La película no es perfecta, evidentemente. Podríamos cambiar unas cuantas cosas. Por ejemplo, está casi ausente la inquietud por lo religioso que resultaba esencial en las tres primeras –este artículo de Dwight Longenecker en The Imaginative Conservative explica bien la miga teológica de la trilogía-, aunque, como bien ha visto el ya citado Heller, en el apartamento neoyorquino del profesor hay un Descendimiento y una Santísima Trinidad. No aparece apenas el personaje de Marion Ravenwood, que podría haber dado más juego. Incluso la música de John Williams es algo más apagada que otras veces. Puestos a pedir, a mí me habría encantado que el escudero del héroe, en lugar de Waller-Bridge, fuera Ke Huy Quan, el Tapón de Indiana Jones y el Templo Maldito, que reapareció hace poco en Todo a la vez en todas partes.
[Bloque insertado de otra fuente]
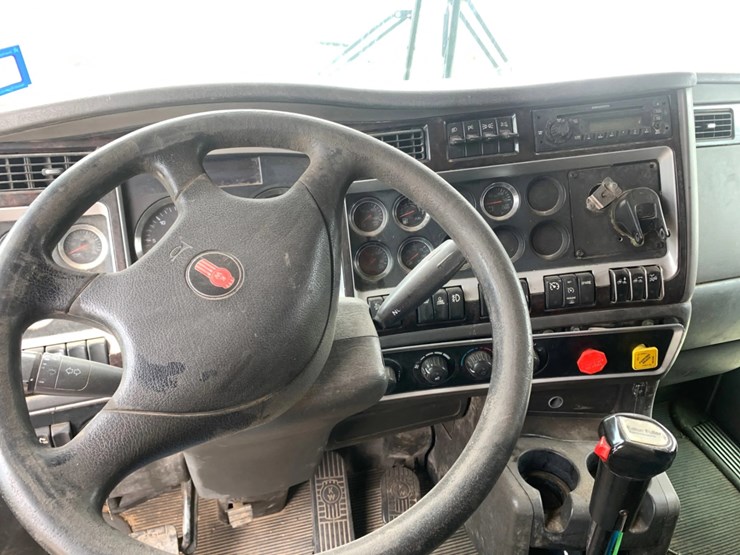2010-kenworth-t660-image-13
Con todo, quien vaya al cine se encontrará con un gran blockbuster, con una media hora inicial trepidante –yo tenía mis recelos con el rejuvenecimiento digital del rostro, pero apenas se nota- y un final creativo y sólido. En el guion hay un respeto genuino por el personaje, que despliega todos sus grandes rasgos: pasión por la aventura, espíritu de independencia, patriotismo, capacidad para integrar la vocación intelectual y las peripecias más audaces… Incluso su famosa ofidiofobia.

Si Charles Foster Kane pensó en Rosebud antes de morir, Henry Walton Jones, Jr., nuestro viejo ciudadano Jones, se aproxima a la línea de meta, a su digna y merecida jubilación, con la mente puesta en el Anticitera.